Urutan presentasi: (tambahkan keterangan sendiri waktu ceramah)

  • Pendahuluan.
  • Kalimat prepandangan.
  • Gagasan utama dan sub gagasan.
  • Profit dari penyampaian materi.
  • Kalimat peninjauan.
  • Inti.

Agar pas sasaran dalam menjalankan public speaking, hal-hal berikut ini harus diperhatikan :

  • Kenali latar belakang komunikan, baik kebiasaannya, sukunya, pendidikannya, pekerjaannya, hobinya, status sosialnya, kepentingannya maupun hal-hal yang nampaknya tak ada artinya.
  • Hilangkan / dekatkan kesenjangan-kesenjangan dengan cara merubah diri, ikuti “arus” tetapi tak sampai “hanyut” dan alhasil pelan-lahan mempengaruhi “arus”.
  • Ciptakan suasana yang menunjang, tergantung pada komunikan yang kita hadapi, pada biasanya mereka berbahagia dengan keramahan / keakraban dan keterbukaan yang tidak hingga tahap mencampuri urusan orang lain.
  • Tentukan maksud dan tujuan diskusi kita; sekedar pengisi waktu / obrolan ringan, pembicaraan, brainstorming, kabar, diplomasi, atau memberi pengaruh orang lain.
  • Arahkan materi diskusi dan pakai taktik sesuaidengan tujuan pembicaraan yang sudah diatur.
  • Gunakan kata-kata yang tak memunculkan pengertian ganda supaya tak membingungkan.
  • Gunakan logika berdaya upaya. Cobalah untuk kritis, kreatif, kembangkan pola pikir yang logis, dan sistematis. Biasakan bertanya kenapa, bagaimana, seandainya, …..
  • Evaluasi terus secara sadar.

Orator yang Baik dan Benar

4. Pemakaian Alat Peraga

Alat peraga terutamanya yang visual ditujukan untuk :

  • Memfokuskan perhatian audience
  • Mengukuhkan pesan verbal
  • Menstimulus minat
  • Mengilustrasikan elemen-elemen yang sulit diverbalkan

5. Persiapan

Faktor nonteknis seringkali tak diperhitungkan melainkan membawa dampak fatal jikalau terbukti muncul tiba-tiba. Seumpama :

  • Penampilan (rambut, baju, sepatu, bau badan, …)
  • Jasmaniah (kesehatan, makan dahulu, minum glucose, membuang air besar/kecil, cukup tidur, …)
  • Latihan gaya, menghitung waktu, …
  • Kesempurnaan berkas/bahan, transparan cadangan, spidol.
  • Ketersediaan alat peraga dan cadangannya, …
  • Sound sytem, penguasaan daerah duduk, letak layar dan alat peraga, …
  • Kreativitas.

Orator yang Baik dan Benar

6. Ketika Pelaksanaan

Progres yang meyakinkan intonasi bunyi, motivasi, rasa percaya diri, keyakinan yang total, rasa optimis, mata yang berbinar, senyum dikulum, komunikatif, mengajak (berbincang-bincang dengan) semua audience, membangkitkan inspirasi, data yang jitu, peraga yang baik dan lain-lain sangat memberi pengaruh keberhasilan berbicara di depan lazim.

7. Feeling

Otak manusia terdiri dari otak kanan dan otak kiri. Otak kiri berpikir hal-hal yang rasional, padahal otak kanan memikirkan hal-hal yang beraroma seni dan mengandalkan perasaan, emosional dan nuansa-nuansa ketidakpastian. Dalam berdialog di depan biasa, otak kanan juga wajib difungsikan, tidak cuma otak kiri. Untuk apa? Supaya kita dapat memecahkan gejala-gejala yang dapat merusak presentasi kita.

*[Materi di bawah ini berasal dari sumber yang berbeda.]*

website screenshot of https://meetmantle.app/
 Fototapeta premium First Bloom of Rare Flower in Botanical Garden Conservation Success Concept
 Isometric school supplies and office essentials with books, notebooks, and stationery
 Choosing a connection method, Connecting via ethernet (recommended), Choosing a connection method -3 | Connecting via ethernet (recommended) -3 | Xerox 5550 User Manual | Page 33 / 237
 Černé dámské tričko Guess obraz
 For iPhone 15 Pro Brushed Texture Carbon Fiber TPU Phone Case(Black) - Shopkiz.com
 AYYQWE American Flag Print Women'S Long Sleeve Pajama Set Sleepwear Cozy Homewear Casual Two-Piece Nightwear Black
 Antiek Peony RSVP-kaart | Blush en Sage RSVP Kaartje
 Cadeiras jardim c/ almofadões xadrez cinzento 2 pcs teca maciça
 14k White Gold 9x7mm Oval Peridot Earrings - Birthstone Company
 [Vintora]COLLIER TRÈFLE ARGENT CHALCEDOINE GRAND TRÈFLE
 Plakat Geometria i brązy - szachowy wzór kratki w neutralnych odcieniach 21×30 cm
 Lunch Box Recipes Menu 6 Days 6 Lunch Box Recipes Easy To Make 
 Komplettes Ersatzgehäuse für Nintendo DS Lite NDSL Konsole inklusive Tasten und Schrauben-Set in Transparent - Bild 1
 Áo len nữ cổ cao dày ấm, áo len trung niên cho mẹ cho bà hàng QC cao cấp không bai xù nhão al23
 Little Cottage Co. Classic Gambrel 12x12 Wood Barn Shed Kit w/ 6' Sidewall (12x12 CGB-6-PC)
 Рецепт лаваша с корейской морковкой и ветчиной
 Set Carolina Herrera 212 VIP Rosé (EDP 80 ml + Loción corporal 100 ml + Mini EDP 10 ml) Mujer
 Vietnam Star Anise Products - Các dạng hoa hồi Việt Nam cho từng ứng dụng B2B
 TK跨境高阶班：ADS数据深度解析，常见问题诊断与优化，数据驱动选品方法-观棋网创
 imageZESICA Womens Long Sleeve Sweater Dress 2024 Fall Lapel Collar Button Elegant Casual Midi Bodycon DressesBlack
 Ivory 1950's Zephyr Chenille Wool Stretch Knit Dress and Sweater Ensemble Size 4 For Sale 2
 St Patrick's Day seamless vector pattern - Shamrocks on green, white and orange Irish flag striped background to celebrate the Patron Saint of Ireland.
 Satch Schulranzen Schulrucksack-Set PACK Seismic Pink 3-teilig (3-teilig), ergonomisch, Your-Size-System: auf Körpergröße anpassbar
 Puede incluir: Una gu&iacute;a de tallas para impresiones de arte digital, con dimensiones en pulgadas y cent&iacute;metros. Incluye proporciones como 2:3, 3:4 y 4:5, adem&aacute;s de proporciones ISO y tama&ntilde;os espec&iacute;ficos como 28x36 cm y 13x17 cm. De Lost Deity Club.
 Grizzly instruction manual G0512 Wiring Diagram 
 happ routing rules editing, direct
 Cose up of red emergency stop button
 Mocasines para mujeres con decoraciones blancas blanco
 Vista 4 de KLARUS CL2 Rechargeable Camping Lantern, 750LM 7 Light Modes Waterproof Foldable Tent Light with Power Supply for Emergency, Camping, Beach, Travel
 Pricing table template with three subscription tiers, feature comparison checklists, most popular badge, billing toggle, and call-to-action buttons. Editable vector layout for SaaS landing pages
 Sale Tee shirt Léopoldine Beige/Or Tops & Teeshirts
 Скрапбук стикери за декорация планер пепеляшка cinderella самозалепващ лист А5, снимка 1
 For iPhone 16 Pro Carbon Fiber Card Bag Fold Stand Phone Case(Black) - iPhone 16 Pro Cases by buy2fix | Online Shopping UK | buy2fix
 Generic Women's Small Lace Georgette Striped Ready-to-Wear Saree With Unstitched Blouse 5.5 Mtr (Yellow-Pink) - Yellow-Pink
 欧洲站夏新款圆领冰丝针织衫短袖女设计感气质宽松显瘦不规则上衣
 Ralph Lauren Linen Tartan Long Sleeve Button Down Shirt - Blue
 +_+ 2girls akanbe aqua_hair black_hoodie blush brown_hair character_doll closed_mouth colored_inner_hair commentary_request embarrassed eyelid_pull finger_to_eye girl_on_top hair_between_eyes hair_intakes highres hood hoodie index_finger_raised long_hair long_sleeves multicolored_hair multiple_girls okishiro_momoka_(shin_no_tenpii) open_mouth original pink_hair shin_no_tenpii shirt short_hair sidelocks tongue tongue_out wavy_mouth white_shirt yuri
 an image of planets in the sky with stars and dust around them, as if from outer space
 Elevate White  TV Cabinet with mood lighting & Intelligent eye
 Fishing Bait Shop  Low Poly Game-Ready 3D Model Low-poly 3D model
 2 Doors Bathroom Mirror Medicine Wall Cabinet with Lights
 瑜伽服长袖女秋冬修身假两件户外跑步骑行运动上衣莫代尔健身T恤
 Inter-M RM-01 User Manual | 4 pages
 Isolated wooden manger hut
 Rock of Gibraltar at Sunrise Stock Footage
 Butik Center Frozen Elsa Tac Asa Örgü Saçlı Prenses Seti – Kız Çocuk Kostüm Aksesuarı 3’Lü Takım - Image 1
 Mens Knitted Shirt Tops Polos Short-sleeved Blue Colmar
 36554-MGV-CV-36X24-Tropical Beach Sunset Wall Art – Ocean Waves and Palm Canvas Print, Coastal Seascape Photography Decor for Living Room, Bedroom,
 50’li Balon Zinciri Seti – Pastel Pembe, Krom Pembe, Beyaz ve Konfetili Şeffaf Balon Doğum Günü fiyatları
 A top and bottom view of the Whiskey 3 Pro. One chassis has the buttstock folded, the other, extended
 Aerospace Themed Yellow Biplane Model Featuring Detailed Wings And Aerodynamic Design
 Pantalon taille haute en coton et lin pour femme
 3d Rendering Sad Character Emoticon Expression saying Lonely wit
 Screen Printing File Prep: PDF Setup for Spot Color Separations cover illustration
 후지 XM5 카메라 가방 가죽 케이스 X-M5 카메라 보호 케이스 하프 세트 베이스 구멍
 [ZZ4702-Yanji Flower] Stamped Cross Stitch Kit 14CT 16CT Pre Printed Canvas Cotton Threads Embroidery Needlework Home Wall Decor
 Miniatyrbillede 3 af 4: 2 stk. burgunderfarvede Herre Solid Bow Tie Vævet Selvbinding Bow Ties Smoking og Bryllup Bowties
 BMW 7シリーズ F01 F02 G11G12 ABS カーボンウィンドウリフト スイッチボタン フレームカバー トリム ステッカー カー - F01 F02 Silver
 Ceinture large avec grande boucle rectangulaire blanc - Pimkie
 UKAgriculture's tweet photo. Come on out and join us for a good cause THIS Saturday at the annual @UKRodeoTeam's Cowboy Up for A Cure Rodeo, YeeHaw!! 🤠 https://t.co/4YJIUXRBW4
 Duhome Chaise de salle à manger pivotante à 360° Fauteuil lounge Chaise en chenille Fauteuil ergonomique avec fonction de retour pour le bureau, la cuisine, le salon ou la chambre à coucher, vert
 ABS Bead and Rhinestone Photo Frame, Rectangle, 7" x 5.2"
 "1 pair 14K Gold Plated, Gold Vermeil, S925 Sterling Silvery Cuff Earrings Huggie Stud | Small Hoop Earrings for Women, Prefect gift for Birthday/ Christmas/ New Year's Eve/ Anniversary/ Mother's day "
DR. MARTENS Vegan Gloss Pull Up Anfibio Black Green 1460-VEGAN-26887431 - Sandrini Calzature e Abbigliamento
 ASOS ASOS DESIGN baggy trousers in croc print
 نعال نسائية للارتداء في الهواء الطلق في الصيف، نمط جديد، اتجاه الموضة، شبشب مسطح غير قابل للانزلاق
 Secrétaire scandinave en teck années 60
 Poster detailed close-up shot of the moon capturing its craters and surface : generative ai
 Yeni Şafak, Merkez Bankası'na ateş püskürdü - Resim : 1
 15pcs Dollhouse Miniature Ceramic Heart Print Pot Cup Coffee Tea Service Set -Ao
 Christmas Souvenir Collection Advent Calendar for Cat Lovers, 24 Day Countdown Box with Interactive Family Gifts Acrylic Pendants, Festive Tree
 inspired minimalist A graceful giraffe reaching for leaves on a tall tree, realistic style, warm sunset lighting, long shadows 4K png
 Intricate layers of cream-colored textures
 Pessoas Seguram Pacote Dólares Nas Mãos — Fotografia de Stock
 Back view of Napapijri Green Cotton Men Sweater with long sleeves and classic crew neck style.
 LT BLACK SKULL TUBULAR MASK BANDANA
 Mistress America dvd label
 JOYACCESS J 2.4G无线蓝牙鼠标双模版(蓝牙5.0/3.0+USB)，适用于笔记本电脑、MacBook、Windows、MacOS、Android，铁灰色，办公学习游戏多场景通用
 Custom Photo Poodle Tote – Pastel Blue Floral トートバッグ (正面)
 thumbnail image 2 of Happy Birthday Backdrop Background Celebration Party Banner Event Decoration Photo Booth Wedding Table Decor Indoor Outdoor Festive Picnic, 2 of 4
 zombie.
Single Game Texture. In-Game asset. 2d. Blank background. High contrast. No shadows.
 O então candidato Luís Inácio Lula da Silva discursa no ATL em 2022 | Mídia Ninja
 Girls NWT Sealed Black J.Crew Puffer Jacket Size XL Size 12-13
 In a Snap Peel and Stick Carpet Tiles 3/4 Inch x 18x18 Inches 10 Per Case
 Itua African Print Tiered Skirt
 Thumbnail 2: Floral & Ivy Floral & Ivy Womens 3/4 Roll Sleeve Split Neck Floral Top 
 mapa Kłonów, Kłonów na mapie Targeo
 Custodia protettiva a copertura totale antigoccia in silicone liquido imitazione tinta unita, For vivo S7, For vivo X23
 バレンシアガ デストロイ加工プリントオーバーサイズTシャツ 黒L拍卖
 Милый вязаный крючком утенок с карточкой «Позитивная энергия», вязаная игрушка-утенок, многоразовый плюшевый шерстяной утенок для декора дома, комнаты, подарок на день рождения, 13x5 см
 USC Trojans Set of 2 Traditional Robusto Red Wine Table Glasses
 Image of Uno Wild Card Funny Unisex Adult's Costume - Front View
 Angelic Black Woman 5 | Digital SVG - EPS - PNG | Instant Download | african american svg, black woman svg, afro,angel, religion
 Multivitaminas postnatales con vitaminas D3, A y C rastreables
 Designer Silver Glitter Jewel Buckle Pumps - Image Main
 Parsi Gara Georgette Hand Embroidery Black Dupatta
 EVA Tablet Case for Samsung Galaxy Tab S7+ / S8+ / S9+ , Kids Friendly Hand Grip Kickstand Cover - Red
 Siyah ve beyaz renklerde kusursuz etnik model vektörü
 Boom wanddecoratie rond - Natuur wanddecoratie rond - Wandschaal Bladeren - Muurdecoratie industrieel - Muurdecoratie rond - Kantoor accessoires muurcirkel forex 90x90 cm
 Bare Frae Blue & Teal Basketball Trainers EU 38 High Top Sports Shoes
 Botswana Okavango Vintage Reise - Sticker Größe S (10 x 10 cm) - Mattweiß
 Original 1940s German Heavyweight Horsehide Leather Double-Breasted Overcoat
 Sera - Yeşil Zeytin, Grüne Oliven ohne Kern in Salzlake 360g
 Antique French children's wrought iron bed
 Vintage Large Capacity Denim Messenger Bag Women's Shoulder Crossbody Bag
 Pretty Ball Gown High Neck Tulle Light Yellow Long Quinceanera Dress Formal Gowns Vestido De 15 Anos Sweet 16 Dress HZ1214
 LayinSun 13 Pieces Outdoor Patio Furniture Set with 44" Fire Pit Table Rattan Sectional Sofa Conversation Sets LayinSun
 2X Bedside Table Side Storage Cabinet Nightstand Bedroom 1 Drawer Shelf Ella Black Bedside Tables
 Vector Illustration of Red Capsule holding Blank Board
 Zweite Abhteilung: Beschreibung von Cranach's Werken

Orator yang Baik dan Benar

Teladan : jam presentasi yang tidak pas (membuat ngantuk), kebosanan sebab acara yagn monoton dan berlebihan, kelelahan, kurang atensi dan sebagainya. Sebaiknya presentasi seketika di break dengan humor, tanya jawab, demonstrasi alat atau visualisasi sesuatu yang menstimulus ketertarikan. Kecuali itu ciptakan suasana yang hangat dan interaksi yang “hidup”.

8. Finishing Touch

Setelah rumusan di akhir diskusi, ungkapkanlah tantangan, pertanyaan, penegasan, demo atau apa saja yang dapat audience terpana, tercengang, berpikir, atau malah protes. Hal ini akan memberi kesan positif dan stimulus untuk bertanya.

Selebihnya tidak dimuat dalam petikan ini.